Au fil du temps, plus les populations s’implantèrent, plus ces reptiles laissèrent la place à l’homme. Ils abandonnent leurs habitats, à la place desquels des immeubles naissent comme des champignons.
El Hadji Assane, dit Ousmane Diop Yakhya, l’imam de la mosquée de Gueule tapée, raconte que “ce quartier était une forêt avec des fleuves où vivaient des Gueules-tapées (Varans) ». « Il était aussi occupé par des Toubabs (blancs). C’est comme le cas de “Tilène”, là-bas c’était les chacals, “’Tilles”’, qui dominaient. Les blancs ont finalement donné le nom de ces reptiles à ce quartier. Nous tous, nous sommes originaires du centre-ville, du Plateau, principalement de Thieudem. C’était à cause de la peste que ces “‘Penc”’ ont été déplacés vers la Médina et la Gueule-Tapée. Et à cette époque, les maisons étaient en baraques, ou en cases de paille », raconte l’imam dont les souvenirs se bousculent dans sa tête.
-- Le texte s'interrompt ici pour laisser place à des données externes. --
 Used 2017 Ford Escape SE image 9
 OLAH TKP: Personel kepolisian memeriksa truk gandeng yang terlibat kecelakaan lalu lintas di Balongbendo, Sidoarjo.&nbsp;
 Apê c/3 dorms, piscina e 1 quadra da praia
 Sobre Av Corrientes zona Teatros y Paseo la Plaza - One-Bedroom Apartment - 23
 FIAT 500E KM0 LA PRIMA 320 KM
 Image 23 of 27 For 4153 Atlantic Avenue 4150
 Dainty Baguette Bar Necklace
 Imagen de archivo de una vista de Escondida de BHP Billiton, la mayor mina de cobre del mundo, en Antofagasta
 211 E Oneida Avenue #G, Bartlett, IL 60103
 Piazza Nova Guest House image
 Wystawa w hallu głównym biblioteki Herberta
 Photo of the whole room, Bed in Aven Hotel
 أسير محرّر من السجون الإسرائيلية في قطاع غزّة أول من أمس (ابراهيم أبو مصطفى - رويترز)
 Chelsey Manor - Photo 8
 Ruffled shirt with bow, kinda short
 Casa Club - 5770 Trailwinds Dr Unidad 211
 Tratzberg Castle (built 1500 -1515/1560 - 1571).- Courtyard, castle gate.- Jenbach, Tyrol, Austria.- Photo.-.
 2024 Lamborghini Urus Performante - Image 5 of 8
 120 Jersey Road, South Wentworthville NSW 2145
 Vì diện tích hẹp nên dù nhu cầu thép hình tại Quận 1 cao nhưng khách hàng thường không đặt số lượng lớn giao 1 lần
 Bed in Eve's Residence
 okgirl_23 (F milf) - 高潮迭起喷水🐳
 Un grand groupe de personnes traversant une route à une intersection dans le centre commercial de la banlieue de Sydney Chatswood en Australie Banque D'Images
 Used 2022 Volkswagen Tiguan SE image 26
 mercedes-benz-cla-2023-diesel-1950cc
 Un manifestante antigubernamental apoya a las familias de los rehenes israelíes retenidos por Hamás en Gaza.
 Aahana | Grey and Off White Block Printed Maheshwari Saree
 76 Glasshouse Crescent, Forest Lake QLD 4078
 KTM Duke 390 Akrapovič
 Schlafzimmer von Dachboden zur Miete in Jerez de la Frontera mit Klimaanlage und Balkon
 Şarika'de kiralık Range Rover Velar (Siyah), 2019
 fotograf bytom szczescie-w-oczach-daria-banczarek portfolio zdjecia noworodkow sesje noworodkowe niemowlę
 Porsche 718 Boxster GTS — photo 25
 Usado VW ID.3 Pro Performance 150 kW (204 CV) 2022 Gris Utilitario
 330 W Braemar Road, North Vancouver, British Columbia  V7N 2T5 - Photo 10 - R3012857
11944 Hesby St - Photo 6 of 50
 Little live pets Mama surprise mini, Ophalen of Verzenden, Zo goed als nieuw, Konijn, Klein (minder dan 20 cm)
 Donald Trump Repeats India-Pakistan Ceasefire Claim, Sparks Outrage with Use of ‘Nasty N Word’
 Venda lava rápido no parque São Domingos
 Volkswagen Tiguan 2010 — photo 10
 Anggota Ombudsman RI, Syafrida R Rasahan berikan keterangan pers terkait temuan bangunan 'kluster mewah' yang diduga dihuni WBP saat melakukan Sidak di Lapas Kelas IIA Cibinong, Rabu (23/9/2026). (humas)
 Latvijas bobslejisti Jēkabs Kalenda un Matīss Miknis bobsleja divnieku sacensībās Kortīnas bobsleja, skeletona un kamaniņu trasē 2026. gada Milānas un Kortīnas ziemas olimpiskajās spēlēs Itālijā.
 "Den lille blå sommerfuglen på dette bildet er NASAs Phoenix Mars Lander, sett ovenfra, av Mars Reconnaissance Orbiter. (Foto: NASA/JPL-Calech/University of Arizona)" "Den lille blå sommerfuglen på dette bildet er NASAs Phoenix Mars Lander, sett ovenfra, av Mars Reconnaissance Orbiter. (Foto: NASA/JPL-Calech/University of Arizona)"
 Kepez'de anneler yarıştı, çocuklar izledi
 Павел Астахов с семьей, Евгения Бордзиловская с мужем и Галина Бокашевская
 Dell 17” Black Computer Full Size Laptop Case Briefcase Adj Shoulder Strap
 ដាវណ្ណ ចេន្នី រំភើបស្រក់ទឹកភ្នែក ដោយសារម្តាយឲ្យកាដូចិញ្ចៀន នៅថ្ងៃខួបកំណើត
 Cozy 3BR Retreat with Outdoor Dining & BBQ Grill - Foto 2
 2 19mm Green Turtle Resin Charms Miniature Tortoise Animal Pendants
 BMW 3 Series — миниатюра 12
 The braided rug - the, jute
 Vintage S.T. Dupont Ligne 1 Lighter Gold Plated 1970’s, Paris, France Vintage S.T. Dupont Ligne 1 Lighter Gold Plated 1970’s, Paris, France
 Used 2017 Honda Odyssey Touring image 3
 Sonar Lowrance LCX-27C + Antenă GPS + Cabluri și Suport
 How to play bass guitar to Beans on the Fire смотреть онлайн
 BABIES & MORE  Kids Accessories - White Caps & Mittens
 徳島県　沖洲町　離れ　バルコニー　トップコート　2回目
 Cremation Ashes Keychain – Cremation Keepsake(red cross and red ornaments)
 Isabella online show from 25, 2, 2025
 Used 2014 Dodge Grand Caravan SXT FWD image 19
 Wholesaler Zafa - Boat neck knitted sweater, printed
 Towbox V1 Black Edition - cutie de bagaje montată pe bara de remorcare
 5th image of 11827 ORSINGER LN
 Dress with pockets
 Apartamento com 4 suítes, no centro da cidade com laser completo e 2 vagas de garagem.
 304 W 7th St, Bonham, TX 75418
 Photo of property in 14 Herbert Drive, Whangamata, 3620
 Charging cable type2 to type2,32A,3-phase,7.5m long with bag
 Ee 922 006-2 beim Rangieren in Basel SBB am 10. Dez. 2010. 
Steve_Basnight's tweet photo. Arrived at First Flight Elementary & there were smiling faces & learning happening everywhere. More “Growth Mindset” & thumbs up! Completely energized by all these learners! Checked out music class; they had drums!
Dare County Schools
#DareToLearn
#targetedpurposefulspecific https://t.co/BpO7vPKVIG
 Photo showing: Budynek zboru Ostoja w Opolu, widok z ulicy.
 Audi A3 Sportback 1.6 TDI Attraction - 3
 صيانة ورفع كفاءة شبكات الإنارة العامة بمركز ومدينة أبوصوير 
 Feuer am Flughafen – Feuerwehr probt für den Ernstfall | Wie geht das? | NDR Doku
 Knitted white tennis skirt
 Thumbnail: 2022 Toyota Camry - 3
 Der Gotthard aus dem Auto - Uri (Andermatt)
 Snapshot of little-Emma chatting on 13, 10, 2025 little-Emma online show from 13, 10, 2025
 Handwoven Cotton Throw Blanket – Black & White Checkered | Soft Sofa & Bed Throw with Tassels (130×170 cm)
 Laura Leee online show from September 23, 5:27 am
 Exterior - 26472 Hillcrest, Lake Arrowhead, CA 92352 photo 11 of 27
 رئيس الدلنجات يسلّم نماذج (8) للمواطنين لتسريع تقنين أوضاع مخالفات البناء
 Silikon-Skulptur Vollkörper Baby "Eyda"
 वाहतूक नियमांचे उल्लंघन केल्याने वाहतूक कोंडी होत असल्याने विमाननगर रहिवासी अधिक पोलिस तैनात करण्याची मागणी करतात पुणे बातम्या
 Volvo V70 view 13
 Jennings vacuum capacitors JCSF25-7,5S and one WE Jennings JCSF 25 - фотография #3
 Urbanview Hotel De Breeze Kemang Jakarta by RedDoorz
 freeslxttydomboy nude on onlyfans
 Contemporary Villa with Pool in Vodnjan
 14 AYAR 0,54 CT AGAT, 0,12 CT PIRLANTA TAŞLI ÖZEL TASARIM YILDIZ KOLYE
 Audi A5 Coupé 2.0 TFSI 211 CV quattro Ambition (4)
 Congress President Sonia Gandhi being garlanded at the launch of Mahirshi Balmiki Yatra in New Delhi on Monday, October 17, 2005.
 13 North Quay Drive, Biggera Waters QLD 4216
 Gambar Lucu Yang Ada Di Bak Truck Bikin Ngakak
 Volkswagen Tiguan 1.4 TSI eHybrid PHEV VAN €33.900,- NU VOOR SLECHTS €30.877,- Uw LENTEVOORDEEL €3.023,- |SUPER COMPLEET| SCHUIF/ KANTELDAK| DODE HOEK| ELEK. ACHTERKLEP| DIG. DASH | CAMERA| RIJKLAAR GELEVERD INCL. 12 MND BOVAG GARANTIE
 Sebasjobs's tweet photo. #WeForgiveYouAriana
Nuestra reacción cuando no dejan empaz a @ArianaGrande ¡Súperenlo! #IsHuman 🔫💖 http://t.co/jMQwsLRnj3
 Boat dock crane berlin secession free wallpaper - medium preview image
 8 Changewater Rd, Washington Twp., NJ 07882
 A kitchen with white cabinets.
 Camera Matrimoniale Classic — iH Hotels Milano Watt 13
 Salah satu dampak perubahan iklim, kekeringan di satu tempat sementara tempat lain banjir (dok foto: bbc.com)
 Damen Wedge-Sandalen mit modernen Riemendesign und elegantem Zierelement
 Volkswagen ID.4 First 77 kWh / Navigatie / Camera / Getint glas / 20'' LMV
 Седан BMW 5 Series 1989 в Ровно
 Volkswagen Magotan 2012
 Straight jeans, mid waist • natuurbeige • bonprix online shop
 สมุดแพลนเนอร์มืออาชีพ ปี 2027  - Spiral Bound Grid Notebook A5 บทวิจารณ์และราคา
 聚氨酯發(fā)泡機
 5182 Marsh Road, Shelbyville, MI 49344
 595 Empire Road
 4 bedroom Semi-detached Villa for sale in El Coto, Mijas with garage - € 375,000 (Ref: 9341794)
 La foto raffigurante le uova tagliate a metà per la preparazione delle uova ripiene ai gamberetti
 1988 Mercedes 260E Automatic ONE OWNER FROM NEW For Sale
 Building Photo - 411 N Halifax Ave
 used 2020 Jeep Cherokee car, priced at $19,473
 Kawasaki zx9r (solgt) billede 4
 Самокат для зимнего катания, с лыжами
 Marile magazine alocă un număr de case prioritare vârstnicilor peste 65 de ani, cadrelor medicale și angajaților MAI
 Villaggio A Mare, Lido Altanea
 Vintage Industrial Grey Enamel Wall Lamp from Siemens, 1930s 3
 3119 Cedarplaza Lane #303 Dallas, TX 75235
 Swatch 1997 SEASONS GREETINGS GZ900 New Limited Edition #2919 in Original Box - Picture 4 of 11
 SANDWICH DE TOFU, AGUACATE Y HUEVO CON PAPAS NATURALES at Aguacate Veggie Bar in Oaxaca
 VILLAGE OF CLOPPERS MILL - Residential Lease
Le père de « Diop le maire », l’un des premiers habitants
Autrefois, narre le vieux Yahkya, les habitants de la Gueule Tapée étaient des animaux. Aujourd’hui, cette forêt est remplacée par des villas cossues. Âgé d’au moins 71 ans aujourd’hui, il nous raconte, nostalgique, les premières années de sa jeunesse dans cette cité. « C’était vers 1944 que mon père a quitté le Plateau pour venir s’installer dans cet endroit. À notre arrivée à Gueule-Tapée, c’est Ousmane Diop Coumba Pathé, le père de Mamadou Diop, ancien maire de Dakar, qu’on a trouvé sur les lieux. Il venait de “Yakh Dieuf” “(un Penc)”’. Il y avait, avant lui, d’autres personnes dont j’ignore les noms et l’origine. Ils s’étaient installés à Gueule-Tapée avant notre arrivée. Mais ce qu’on peut dire, c’est que cette localité est un quartier lébou », témoigne le vieil homme.
Durant cette période, Gueule-Tapée ne comptait pas beaucoup de monde. « On pouvait rester toute une journée sans voir une personne circuler. Et il n’était pas difficile de se procurer un terrain pour construire sa maison. Le maire de Dakar de l’époque, un blanc (Alfred Goux : NDLR), distribuait les terres à tout demandeur », raconte le patriarche. Gueule-Tapée était un endroit naturel et paisible, au bord de l’océan. Il y faisait bon vivre. « On faisait de la lutte, on jouait au football, les familles étaient unies », dit-il.
Des infrastructures scolaires à la pelle
Aujourd’hui, la cité a pris de l’envergure. À la Gueule tapée, de jour comme de nuit, les rues grouillent de monde. Le quartier ne semble jamais s’endormir. Les habitants aiment s’asseoir devant leurs maisons où des groupes d’enfants jouent habituellement dans les ruelles, ou s’occupent des moutons devant leurs demeures. « Toutes les rues sont numérotées. Ce qui fait qu’on ne s’y perd que rarement. Nous qui habitons ici connaissons toutes les rues. Impossible de s’y perdre. Nous ouvrons nos portes à tout le monde. Durant les cérémonies familiales, tout le monde vient participer, sympathiser ou compatir. Il y a une solidarité absolue entre les populations », témoigne le religieux.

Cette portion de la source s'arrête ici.